The surge of REITs as an attractive investment vehicle worldwide is driving demand for large industrial assets in Brisbane with nearly half of the sales this year or $505 million acquired by Australian and offshore REITs.
As per the latest research by Colliers International REITs investment activity in the Brisbane industrial market has risen to 50 per cent in 2019 from 20 per cent in 2018 and circa 5 per cent in 2017.
Karina Salas, Research Manager at Colliers International said the current infrastructure investment in projects like the M1 Pacific Motorway and the Logan Enhancement Project is strengthening the outlook of the industrial market in Brisbane, with REITs identifying this city as a strategic location for industrial investments providing long-WALE rental streams.

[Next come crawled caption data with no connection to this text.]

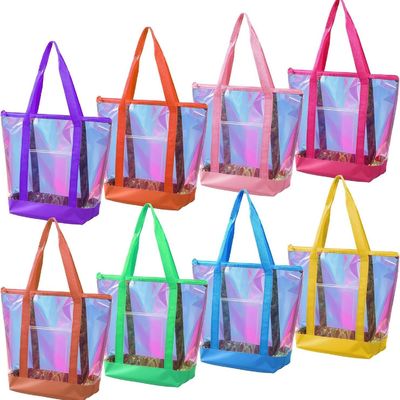 2026 New Customizable Transparent PVC Tote Shopping Bag with Reinforced Seams Colorful Zipper Shopping Laser-Effect Jelly Bag
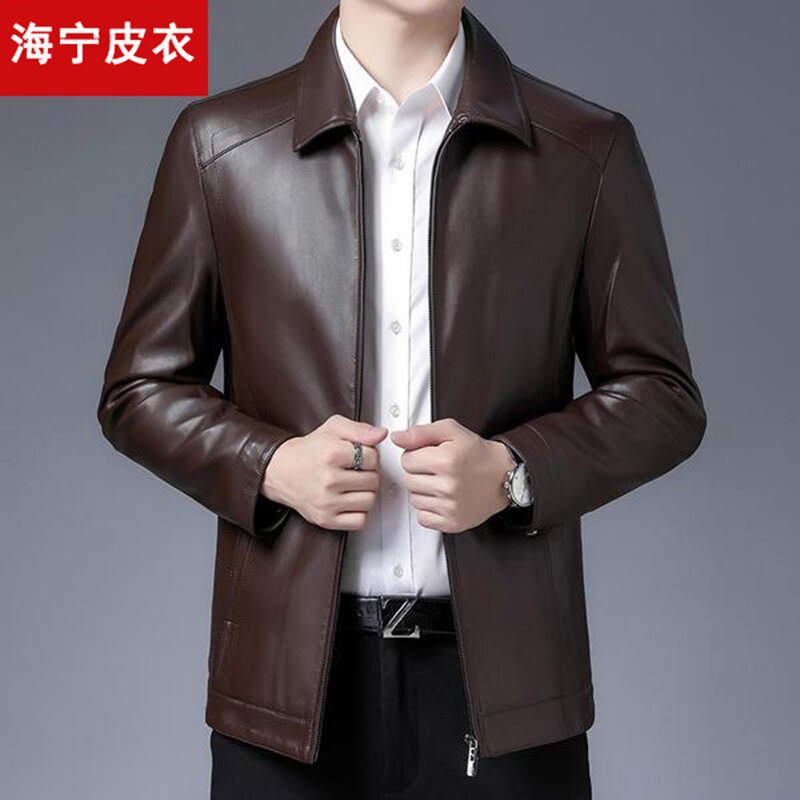 Xả Kho Giá Đặc Biệt Áo Da Giả Da Thật Mẫu Mới 2021 Áo Jacket Da Nam Trung Niên Hải Ninh Nam Áo Khoác Cho Bố Trung Niên Và Già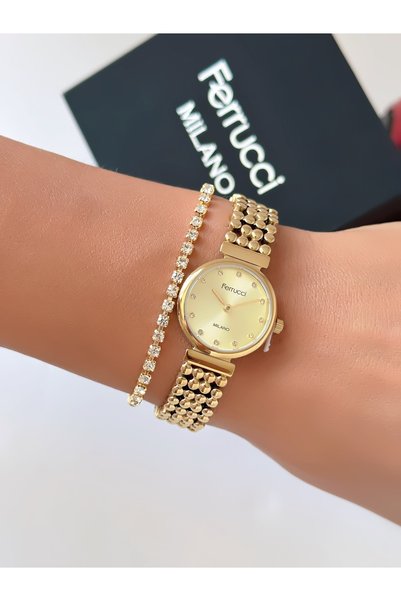 Ferrucci Steel Strap Special Design 2 Year Warranty 3 Atm Waterproof Women's Wristwatch + Bracelet Gift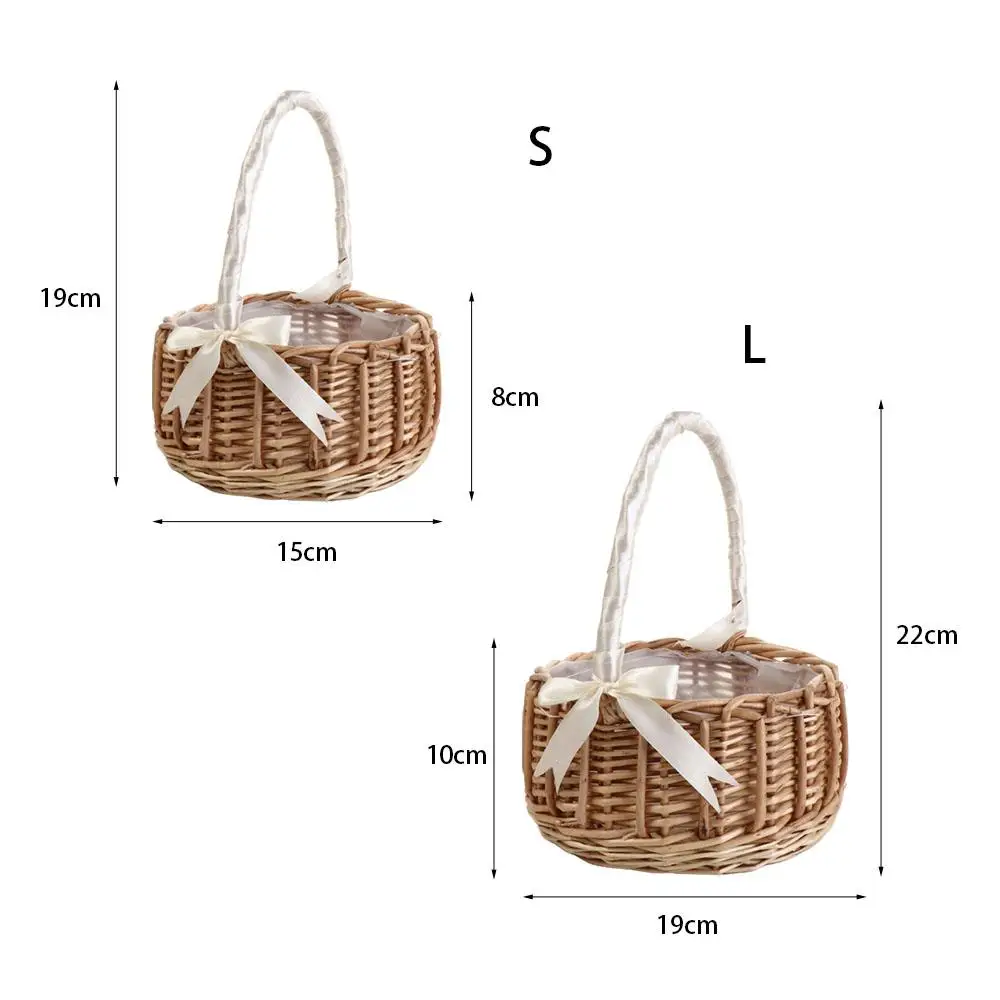 Bow Tie Photo Props For home Flower Basket Decoration Rattan Storage Basket Desktop Decoration Flower Basket Clutter Organizer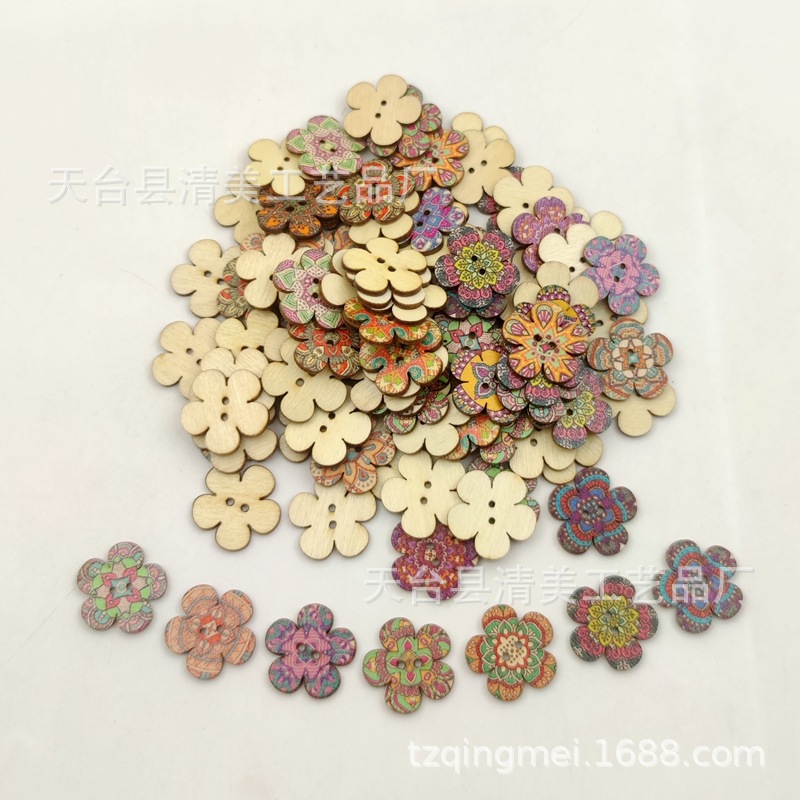 20mm registro madera contrachapada cinco Plum Flor de madera patrón decorativo ciruela mezclado 100 unidades un paquete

“We anticipate that REITs will continue to drive a large portion of investment demand of Brisbane industrial assets over the next 12 to 18 months,” Mrs Salas said. “This is because the Brisbane industrial market continues to consolidate as a preferred location for a variety of operators looking for affordable large-scale warehouses in proximity to a transport network offering cost-efficient connectivity to national and international markets.”
The year-to-date volume of sales (above $5 million) in Brisbane and Yatala of $1.09 billion is on track to outperform the 2018 sale volumes. The South precinct remains as the main location of investment transactions, with circa $501 million sales representing 46 per cent of the total sales volumes.
Fierce competition for industrial assets in Brisbane across a broad spectrum of investment players has driven further compression of yields in the range of 40 to 50bps over the past year. Prime grade investments are transacting at an average yield of 5.94 per cent while secondary grade assets are trading at an average yield of 7.53 per cent.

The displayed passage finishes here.